INPUT DATA:
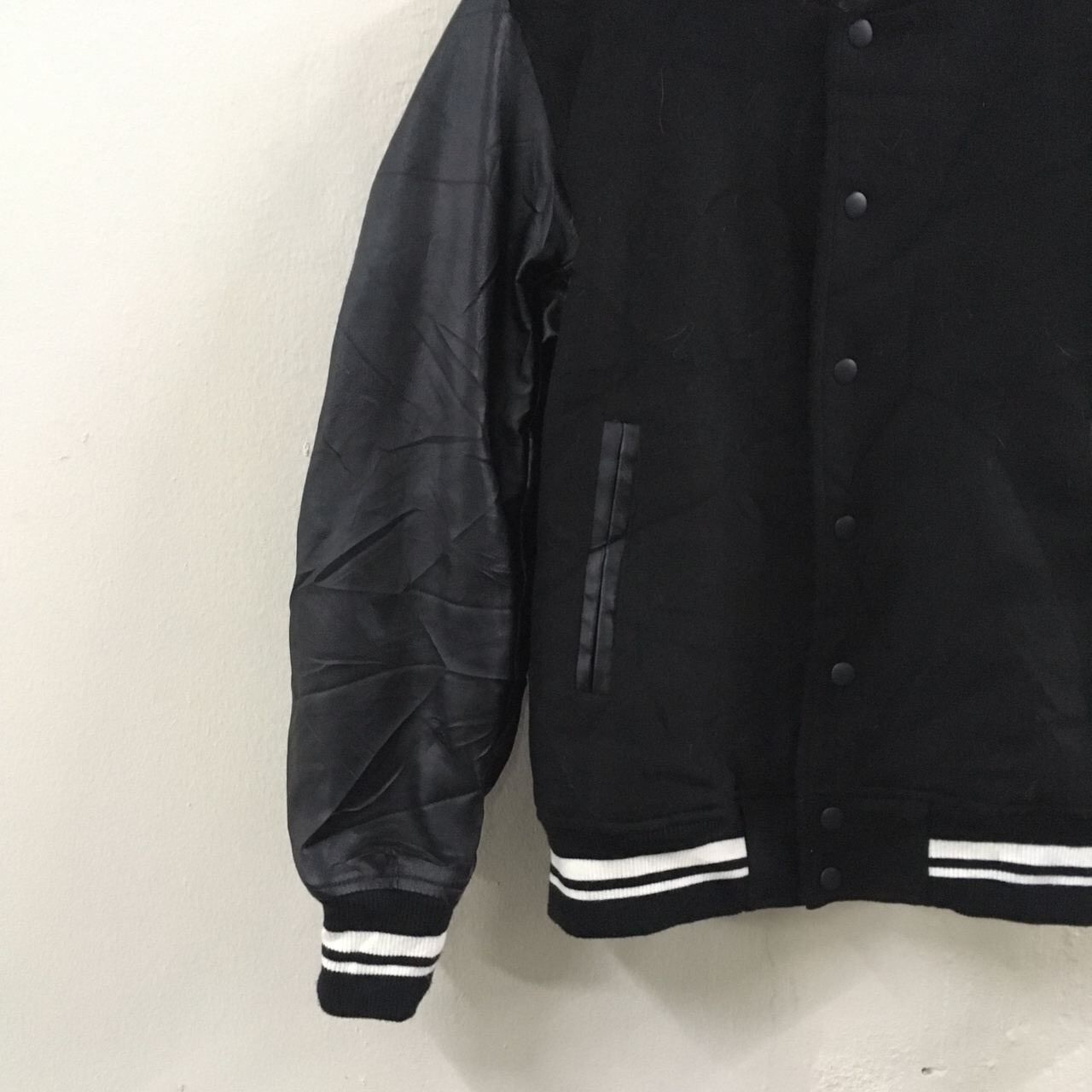 Japanese Brand GU Black hand leather Varsity Jacket Size US M / EU 48-50 / 2 - 3 Thumbnail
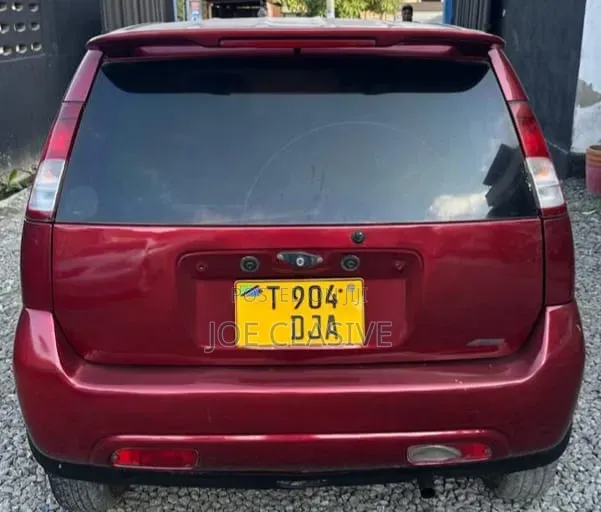 Suzuki Swift 2003 Maroon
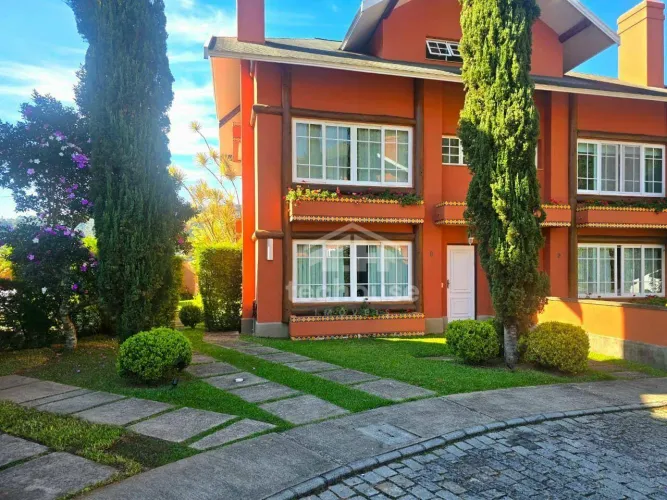 Casa com 4 dormitórios e 2 suítes à venda, 148 m² por R$ 1.280.000 - Iúcas - Teresópolis/R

TASK TO COMPLETE: Go through the material above and retype every line exactly, without the images.

EXERCISE ANSWER:
 Japanese Brand GU Black hand leather Varsity Jacket Size US M / EU 48-50 / 2 - 3 Thumbnail
 Suzuki Swift 2003 Maroon
 Casa com 4 dormitórios e 2 suítes à venda, 148 m² por R$ 1.280.000 - Iúcas - Teresópolis/R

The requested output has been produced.